TRY IT » Within the data that follows, set down exactly the lines from the one containing "Funny taco character" through the one containing "六年级音乐兴趣小组活动记录", both ends included.

Short text fragments from websites:
# # # # # # #
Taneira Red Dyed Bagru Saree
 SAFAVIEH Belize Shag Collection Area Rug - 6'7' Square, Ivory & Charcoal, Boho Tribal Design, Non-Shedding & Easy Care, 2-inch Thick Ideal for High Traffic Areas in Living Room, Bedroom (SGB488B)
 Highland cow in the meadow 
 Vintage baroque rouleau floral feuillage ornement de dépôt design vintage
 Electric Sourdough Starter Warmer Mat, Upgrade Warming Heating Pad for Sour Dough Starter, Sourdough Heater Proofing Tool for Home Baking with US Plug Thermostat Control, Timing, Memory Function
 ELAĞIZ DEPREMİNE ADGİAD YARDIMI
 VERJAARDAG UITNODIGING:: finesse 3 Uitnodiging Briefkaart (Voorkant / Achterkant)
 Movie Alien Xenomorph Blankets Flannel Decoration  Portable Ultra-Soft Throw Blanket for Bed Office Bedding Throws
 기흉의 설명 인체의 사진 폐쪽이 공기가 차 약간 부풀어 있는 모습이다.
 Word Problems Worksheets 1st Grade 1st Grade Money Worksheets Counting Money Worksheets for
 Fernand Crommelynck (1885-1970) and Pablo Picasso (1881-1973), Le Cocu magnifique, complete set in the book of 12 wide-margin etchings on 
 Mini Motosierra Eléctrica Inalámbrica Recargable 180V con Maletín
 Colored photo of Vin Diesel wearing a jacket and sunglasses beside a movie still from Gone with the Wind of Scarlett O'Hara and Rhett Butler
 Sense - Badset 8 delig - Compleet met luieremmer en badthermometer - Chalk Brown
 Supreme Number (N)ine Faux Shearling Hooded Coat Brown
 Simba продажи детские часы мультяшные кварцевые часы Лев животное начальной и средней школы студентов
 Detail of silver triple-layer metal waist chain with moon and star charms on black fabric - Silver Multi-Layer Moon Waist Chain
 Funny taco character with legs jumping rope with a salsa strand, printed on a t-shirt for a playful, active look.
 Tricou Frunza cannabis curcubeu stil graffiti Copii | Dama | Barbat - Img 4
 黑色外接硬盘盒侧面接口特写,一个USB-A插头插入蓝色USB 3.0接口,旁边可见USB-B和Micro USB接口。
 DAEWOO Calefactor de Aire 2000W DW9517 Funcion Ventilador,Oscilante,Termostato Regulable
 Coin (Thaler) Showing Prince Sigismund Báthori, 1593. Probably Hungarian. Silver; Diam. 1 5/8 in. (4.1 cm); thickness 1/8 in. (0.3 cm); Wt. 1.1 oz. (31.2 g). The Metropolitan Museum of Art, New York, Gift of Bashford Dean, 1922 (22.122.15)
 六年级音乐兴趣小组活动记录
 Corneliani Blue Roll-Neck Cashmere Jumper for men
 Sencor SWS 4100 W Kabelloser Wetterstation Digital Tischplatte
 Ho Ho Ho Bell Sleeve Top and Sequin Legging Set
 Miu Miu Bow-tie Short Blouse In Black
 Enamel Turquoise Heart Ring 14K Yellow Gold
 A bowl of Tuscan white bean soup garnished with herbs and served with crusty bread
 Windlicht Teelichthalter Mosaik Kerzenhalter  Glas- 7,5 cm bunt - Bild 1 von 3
# # # # # # #
SOLUTION TO THE PROBLEM »
 Funny taco character with legs jumping rope with a salsa strand, printed on a t-shirt for a playful, active look.
 Tricou Frunza cannabis curcubeu stil graffiti Copii | Dama | Barbat - Img 4
 黑色外接硬盘盒侧面接口特写,一个USB-A插头插入蓝色USB 3.0接口,旁边可见USB-B和Micro USB接口。
 DAEWOO Calefactor de Aire 2000W DW9517 Funcion Ventilador,Oscilante,Termostato Regulable
 Coin (Thaler) Showing Prince Sigismund Báthori, 1593. Probably Hungarian. Silver; Diam. 1 5/8 in. (4.1 cm); thickness 1/8 in. (0.3 cm); Wt. 1.1 oz. (31.2 g). The Metropolitan Museum of Art, New York, Gift of Bashford Dean, 1922 (22.122.15)
 六年级音乐兴趣小组活动记录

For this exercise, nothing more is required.